Erkekleri The Wilds’la dâhil etmek, dikkatleri ana karakterlerden ve olay örgüsünden uzaklaştırdı ve diziye çok az şey ekledi. Aslında Dawn of Eve Projesi, bir “erkek kardeş” projesi eklenmeden de hikâyeyi sürüklemek için yeterli potansiyele sahipti, ancak bu hamle sonucu seyircinin dikkati iki farklı yöne kaydı.
Westworld
Pek çok harika bilimkurgu yapımı bir patlama ile başlar, ancak bunu ilk sezonların ötesine taşıyamaz.
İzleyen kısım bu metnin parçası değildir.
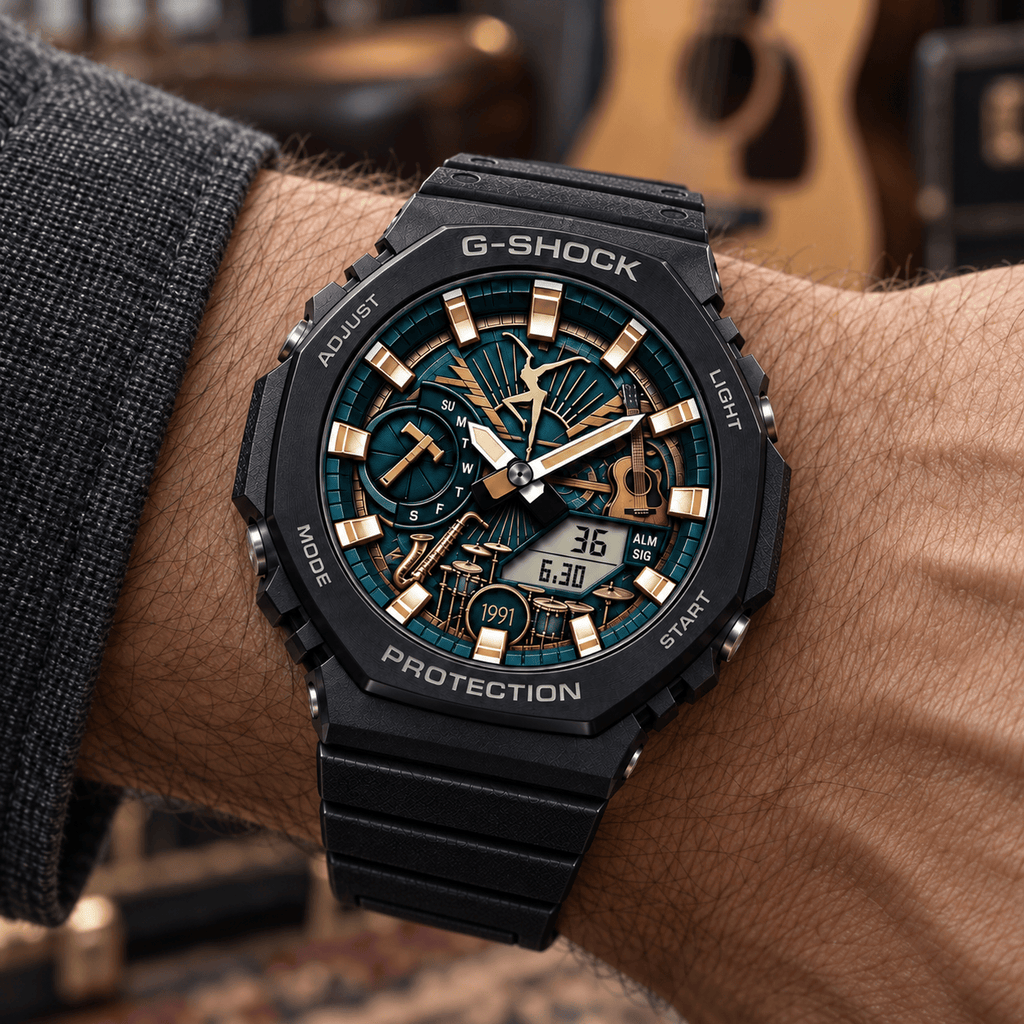 DMB Premium Dial Collector Watch PTKL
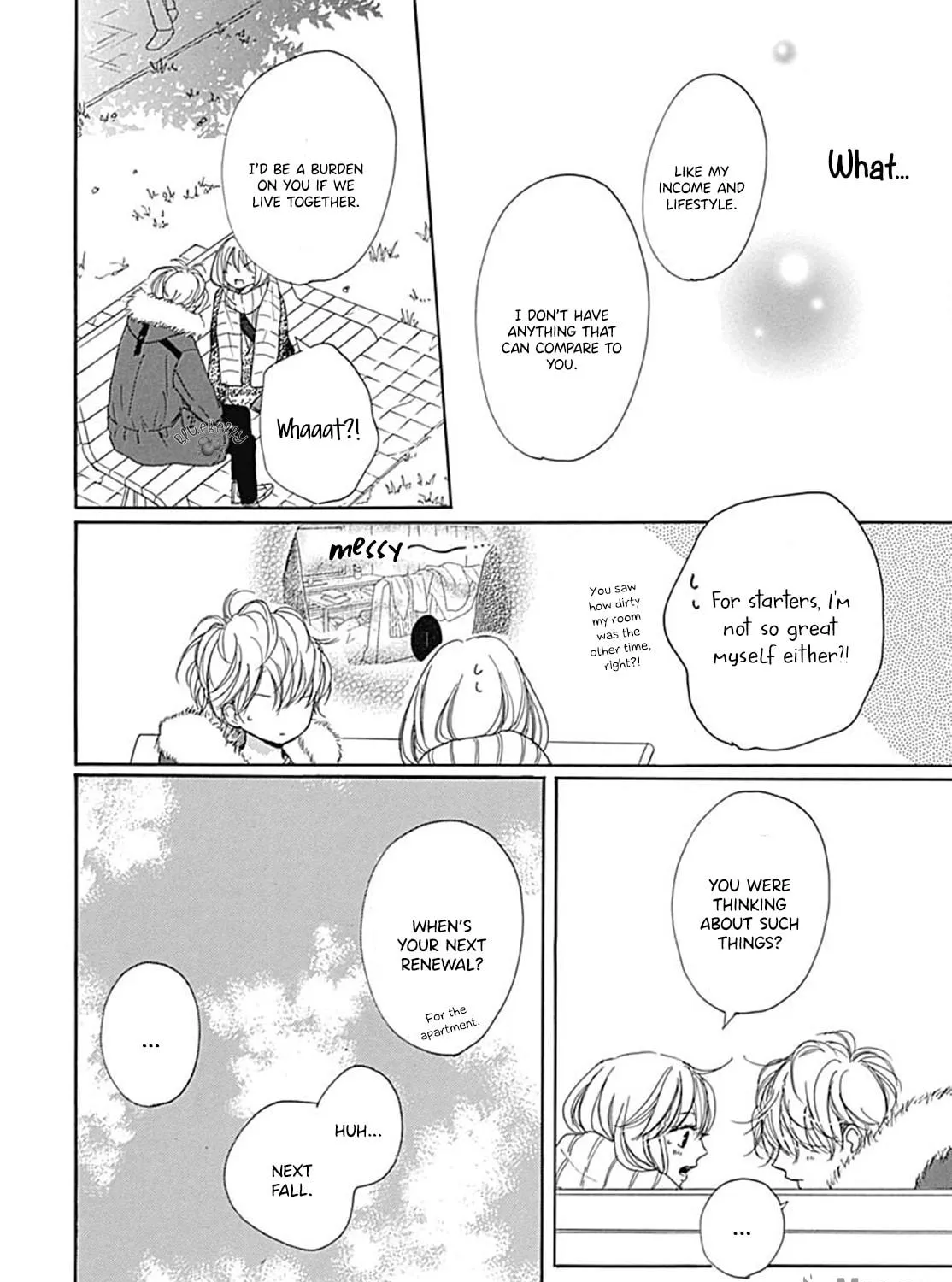 Will you be the one for me? XOXO - Chapter 11 - Page 67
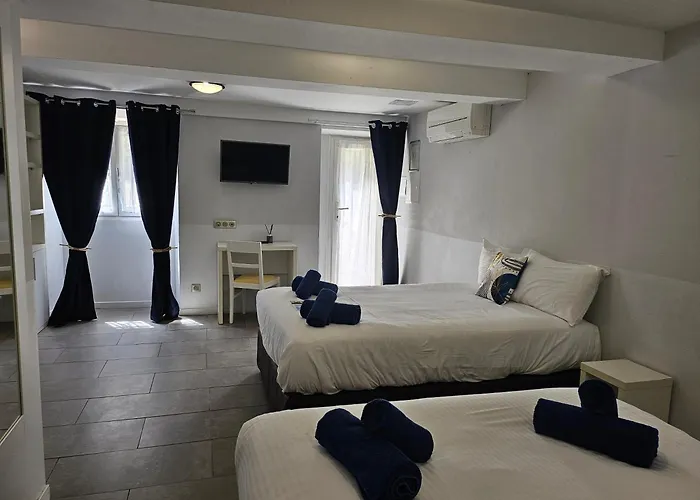 Hotel Flots D\'Azur Promenade Des Anglais
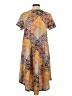 Lularoe Print Brown Casual Dress Size S - photo 2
Bir HBO yapımı olan Westworld de bu dertten mustaripti. 4. sezon, zenginlerin androidlerle etkileşime geçip fantezilerini gerçekleştirdikleri lüks bir tema parkı hakkındaki bu hikâyeyi telafi edemedi.
Birinci sınıf görsel efektlere rağmen, Westworld’ün son sezonu, yalnızca şok edici olduğu için hikâyeye dâhil edilen mantıksız entrikalar ve karakter motivasyonlarıyla doluydu. Vasat alt kurgular, yine birçok noktada zayıf ve sıkıcı olan ana hikâyeden uzaklaştı. Westworld parka geri dönmüş olabilir, ancak yolculuk kesinlikle sürükleyici değildi.
Lost
Lost‘un finali, bugüne kadarki en kötü TV sonlarından biri olma unvanını koruyor. Uçak kazasından sağ kurtulup bir adada mahsur kalan karakterlerin hikâyesini izlediğimiz dizinin her bir bölümü yeni gizemlerle tanıştırıyordu izleyiciyi. Üstelik işler son ana dek bilimkurgusal bir seyir izliyor ve ortadaki gizemlerin de belli bir mantık çerçevesinde çözüleceğine inanılıyordu. Ancak dizinin son sezonu, karakterlerin beş sezon boyunca yaşadığı her şeyi geçersiz kıldı. Buna bilimkurgu da dâhildi.
6. sezon, yarım kalan işleri ve öteden beri süregelen gizemleri halletmek yerine tümüyle fantastik yan hikâyelere odaklandı. Hâliyle de seyirci kendini aldatılmış hissetti. Yine de Lost, özellikle ilk sezonlarıyla hâlâ bir efsane olmayı sürdürüyor.